WORK REQUIRED – With the pictures left out, set down the line containing "Primary Photo - 9200 N Bayshore Dr" and each line after it to the end of the material, exactly as written.

MATERIAL TO PROCESS –
####

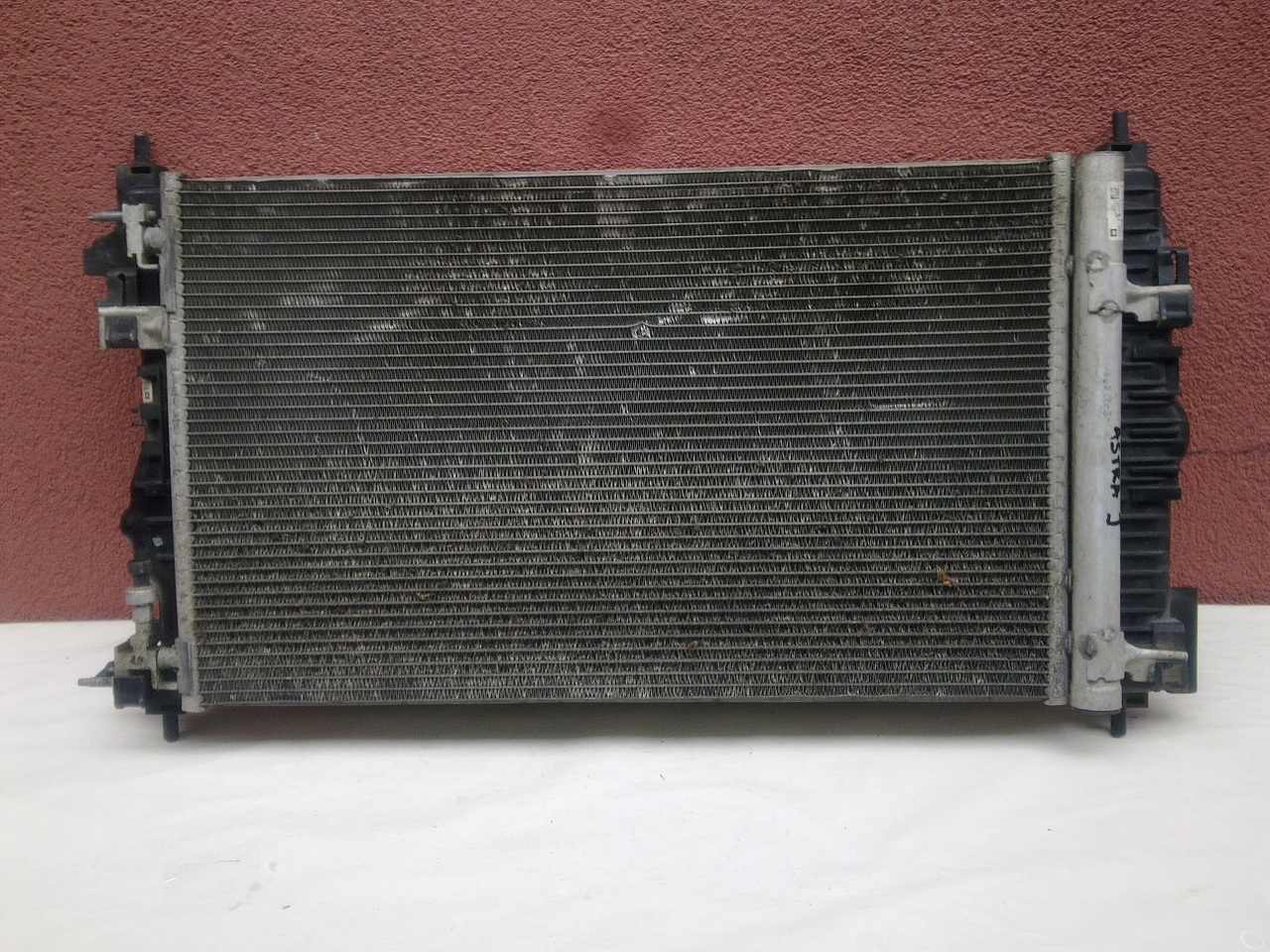 Vand radiator apa si AC Opel Astra J 1.7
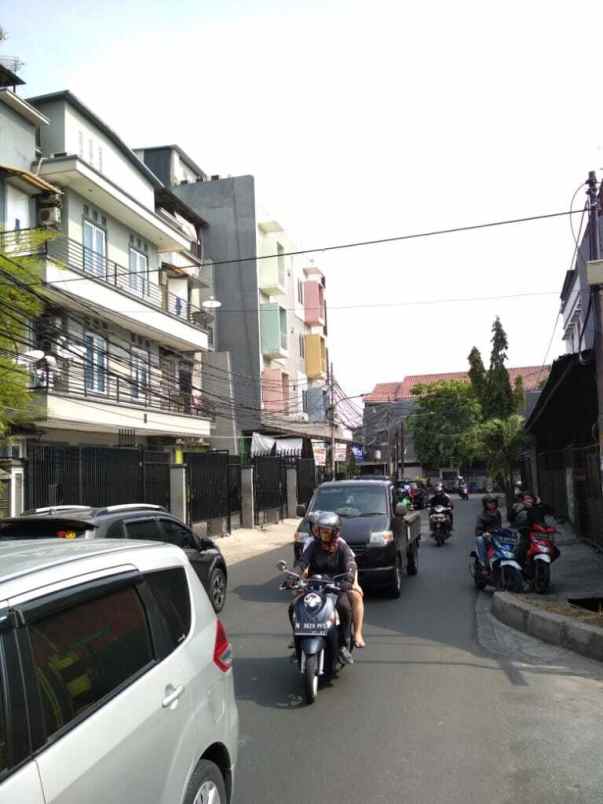 dijual rumah rumah kost di taman daan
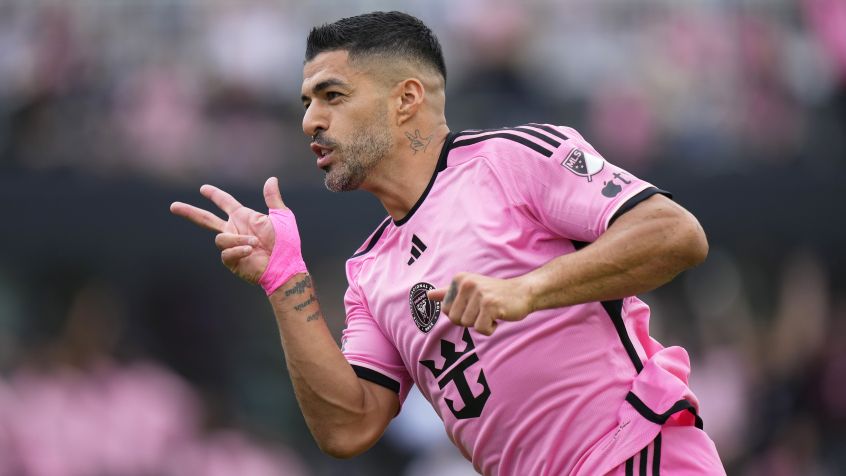 Luis Suárez comemora gol pelo Inter Miami na Major League Soccer • Rich Storry/Getty Images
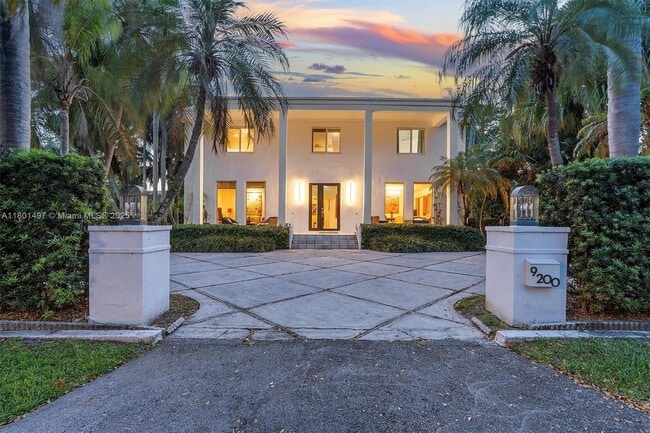 Primary Photo - 9200 N Bayshore Dr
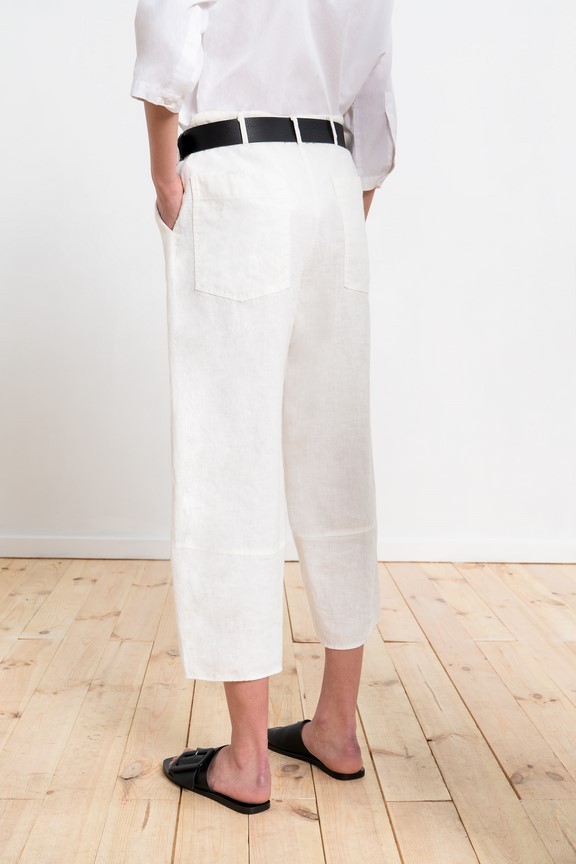 Spodnie lniane w kolorze białym o luźnym kroju
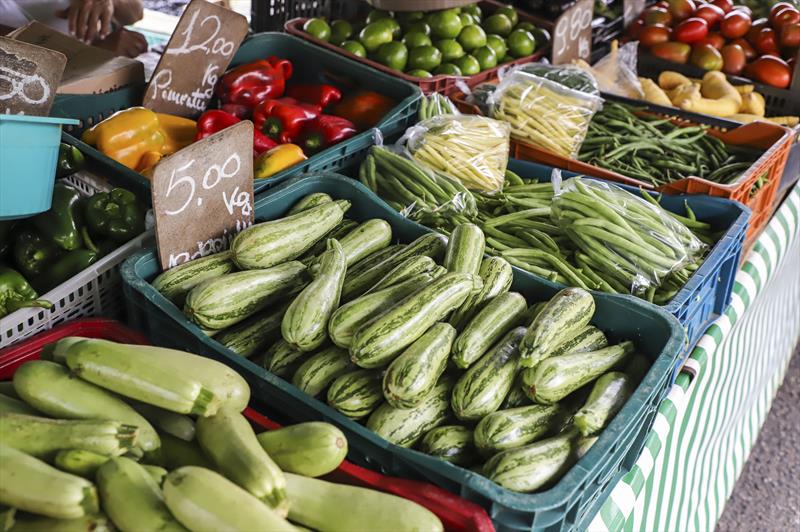 Hortifrútis da estação garantem alimentação mais nutritiva e barata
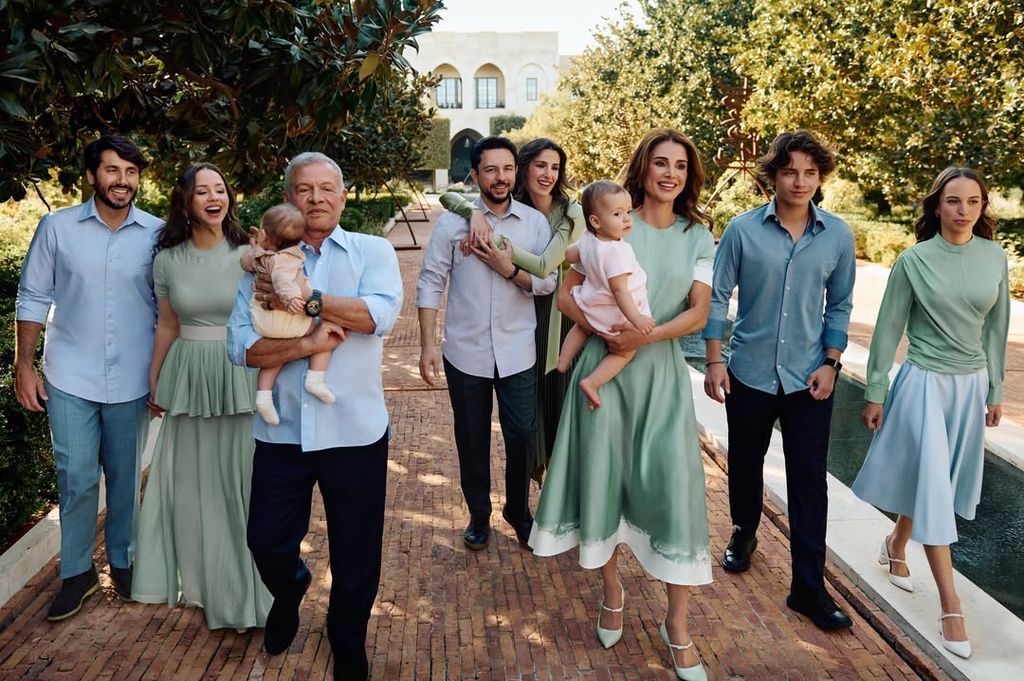 Queen Rania marks Christmas with family photo centered on her role as a grandmother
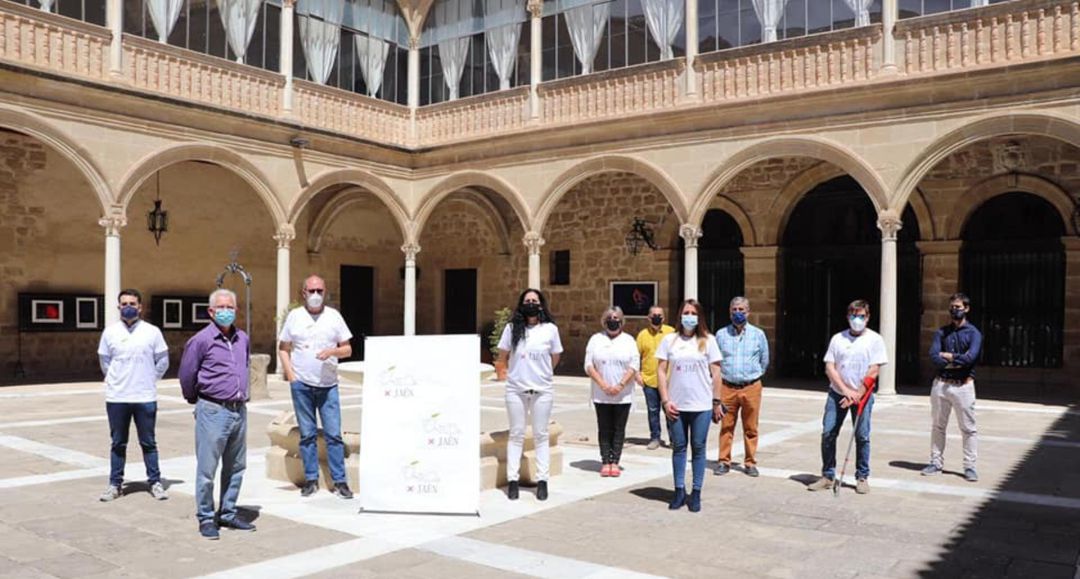 Miembros de la plataforma Úbeda por Jaén durante su presentación a los medios de comunicación en el Hospital de Santiago. Miembros de la plataforma Úbeda por Jaén durante su presentación a los medios de comunicación en el Hospital de Santiago.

####

REPLY TO THE TASK –
 Primary Photo - 9200 N Bayshore Dr
 Spodnie lniane w kolorze białym o luźnym kroju
 Hortifrútis da estação garantem alimentação mais nutritiva e barata
 Queen Rania marks Christmas with family photo centered on her role as a grandmother
 Miembros de la plataforma Úbeda por Jaén durante su presentación a los medios de comunicación en el Hospital de Santiago. Miembros de la plataforma Úbeda por Jaén durante su presentación a los medios de comunicación en el Hospital de Santiago.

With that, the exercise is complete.